Alas, I’m selectively quoting. What they actually said, snidely, was that Cato is a “hired voice of reason during political debates, because of its pseudo-academic affiliations.” (I don’t know why they italicized “voice of reason” — I always thought Reason was the voice of reason.)


But my selective quotation is as accurate as the selective research that VOIP News did for this fluffy hit piece. You see, Cato recently published a lengthy paper that articulates the benefits of net neutrality (referred to as the end-to-end principle).


Where do you find that in the paper? Here’s the first paragraph of the executive summary:

An important reason for the Internet’s remarkable growth over the last quarter century is the “end-to-end” principle that networks should confine themselves to transmitting generic packets without worrying about their contents. Not only has this made deployment of internet infrastructure cheap and efficient, but it has created fertile ground for entrepreneurship. On a network that respects the end-to-end principle, prior approval from network owners is not needed to launch new applications, services, or content.

The paper expresses well-founded concerns about net neutrality regulation—taking a good engineering practice and making a mandate of it for lawyers and bureaucrats to implement.
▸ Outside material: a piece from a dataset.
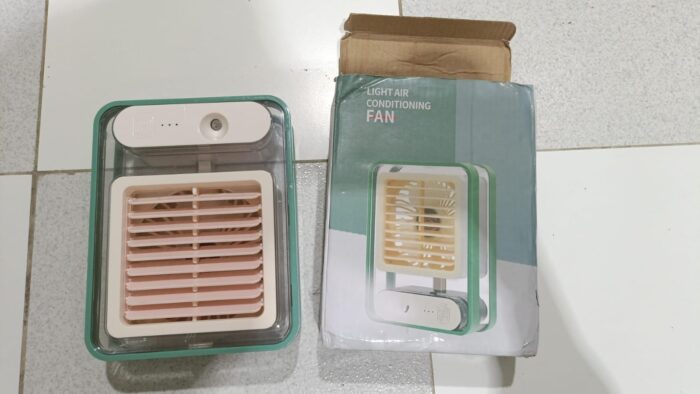 Rechargeable Mini Mist Humidifier Fan Portable Desktop Air Conditioner USB Mini Air Cooler Fan Water Cooling Fan with 3 Speed Spray Humidifier Purifier Indoor,Outdoor  (Random Color) - Image 2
From the executive summary’s third paragraph:

New regulations inevitably come with unintended consequences. Indeed, today’s network neutrality debate is strikingly similar to the debate that produced the first modern regulatory agency, the Interstate Commerce Commission. Unfortunately, rather than protecting consumers from the railroads, the ICC protected the railroads from competition by erecting new barriers to entry in the surface transportation marketplace. Other 20th-century regulatory agencies also limited competition in the industries they regulated. Like these older regulatory regimes, network neutrality regulations are likely not to achieve their intended aims.

It’s tough sledding, working through most of a one-page executive summary. But many publications go that far in researching the pieces they publish.


I do sincerely appreciate the nod to our prominence in this debate. I hope VOIP News does a better job of portraying where we stand and why in the future.